(Records excerpted from a collection)

━━━━━━━━━━

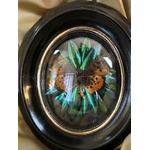 papillon-scarabées-sous-verre-cadre-ancien-ovale-napoleon-III-antiquites-brocante
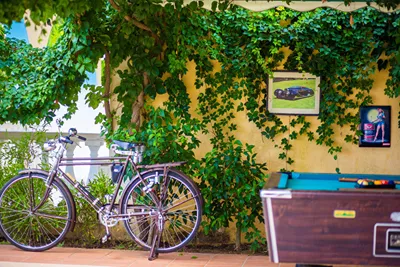 Sunflower Apartments & Studios Zakynthos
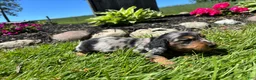 Miniature Dachshund dogs for sale: Dixie - Ad 3
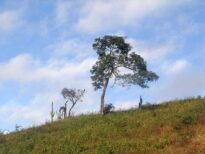 Paisagens do Sertão Central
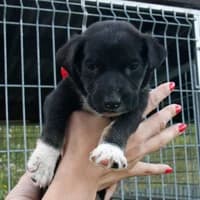 RAMZES,  Mixed Breed for adoption at Fundacja Głosem Zwierząt, Polska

━━━━━━━━━━

The records above are to be restated exactly, without their pictures.

◆ **EXERCISE SOLUTION**:
 papillon-scarabées-sous-verre-cadre-ancien-ovale-napoleon-III-antiquites-brocante
 Sunflower Apartments & Studios Zakynthos
 Miniature Dachshund dogs for sale: Dixie - Ad 3
 Paisagens do Sertão Central
 RAMZES,  Mixed Breed for adoption at Fundacja Głosem Zwierząt, Polska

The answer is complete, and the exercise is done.